Yoshida A, Ohta M, Kuwahara K, Cao MJ, Hara K, Osatomi K - Mar Drugs (2015)

Bottom Line: The active sites and an N-glycosylation site were conserved across species.We also confirmed that the modori phenomenon was avoided by CA-074, a specific inhibitor for cathepsin B.Meanwhile, this endogenous protease may be used for food processing, such as weaning meal and food for the elderly.

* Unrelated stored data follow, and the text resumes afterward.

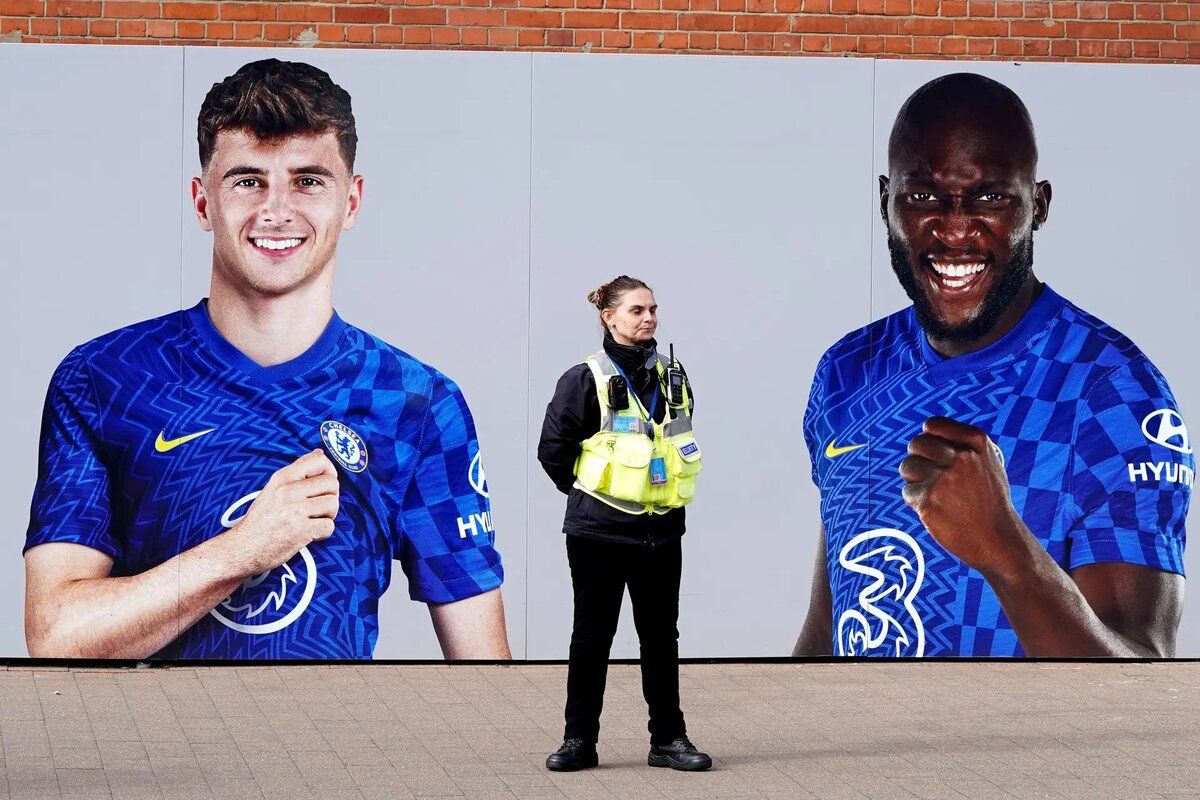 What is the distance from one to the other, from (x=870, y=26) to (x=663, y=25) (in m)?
1.16

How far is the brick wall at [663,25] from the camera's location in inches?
354

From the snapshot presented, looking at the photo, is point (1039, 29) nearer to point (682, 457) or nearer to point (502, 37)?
point (502, 37)

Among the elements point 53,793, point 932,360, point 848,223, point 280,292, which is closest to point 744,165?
point 848,223

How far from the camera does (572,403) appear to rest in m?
6.93

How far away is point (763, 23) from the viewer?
30.6 feet

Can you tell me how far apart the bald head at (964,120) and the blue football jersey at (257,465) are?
2849 millimetres

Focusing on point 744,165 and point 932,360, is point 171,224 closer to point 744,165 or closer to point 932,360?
point 744,165

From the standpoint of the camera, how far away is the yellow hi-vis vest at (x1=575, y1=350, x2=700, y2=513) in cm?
687

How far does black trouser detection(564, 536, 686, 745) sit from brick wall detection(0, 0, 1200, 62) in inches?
133

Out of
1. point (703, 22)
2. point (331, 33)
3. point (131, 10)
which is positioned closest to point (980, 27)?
point (703, 22)

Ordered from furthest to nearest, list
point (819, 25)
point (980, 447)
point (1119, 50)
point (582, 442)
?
point (1119, 50), point (819, 25), point (980, 447), point (582, 442)

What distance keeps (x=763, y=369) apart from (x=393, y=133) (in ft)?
7.76

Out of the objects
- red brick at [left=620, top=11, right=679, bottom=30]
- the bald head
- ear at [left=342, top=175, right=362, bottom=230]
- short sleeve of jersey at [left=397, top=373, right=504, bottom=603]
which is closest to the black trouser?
short sleeve of jersey at [left=397, top=373, right=504, bottom=603]

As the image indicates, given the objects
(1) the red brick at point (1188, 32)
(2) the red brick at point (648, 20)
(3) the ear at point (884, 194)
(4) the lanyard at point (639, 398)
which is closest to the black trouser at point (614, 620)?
(4) the lanyard at point (639, 398)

View Article: PubMed Central - PubMed

Affiliation: Graduate School of Fisheries and Environmental Sciences, Nagasaki University, Nagasaki 852-8521, Japan. y-asami@nagasaki-u.ac.jp.

ABSTRACT
An endogenous protease in fish muscle, cathepsin B, was partially purified and characterized from horse mackerel meat. On SDS-PAGE of the purified enzyme under reducing conditions, main protein bands were detected at 28 and 6 kDa and their respective N-terminal sequences showed high homology to heavy and light chains of cathepsin B from other species. This suggested that horse mackerel cathepsin B formed two-chain forms, similar to mammalian cathepsin Bs. Optimum pH and temperature of the enzyme were 5.0 and 50 °C, respectively. A partial cDNA encoding the amino acid sequence of 215 residues for horse mackerel cathepsin B was obtained by RT-PCR and cloned. The deduced amino acid sequence contains a part of light and heavy chains of cathepsin B. The active sites and an N-glycosylation site were conserved across species. We also confirmed that the modori phenomenon was avoided by CA-074, a specific inhibitor for cathepsin B. Therefore, our results suggest that natural cysteine protease inhibitor(s), such as oryzacystatin derived from rice, can apply to thermal-gel processing of horse mackerel to avoid the modori phenomenon. Meanwhile, this endogenous protease may be used for food processing, such as weaning meal and food for the elderly.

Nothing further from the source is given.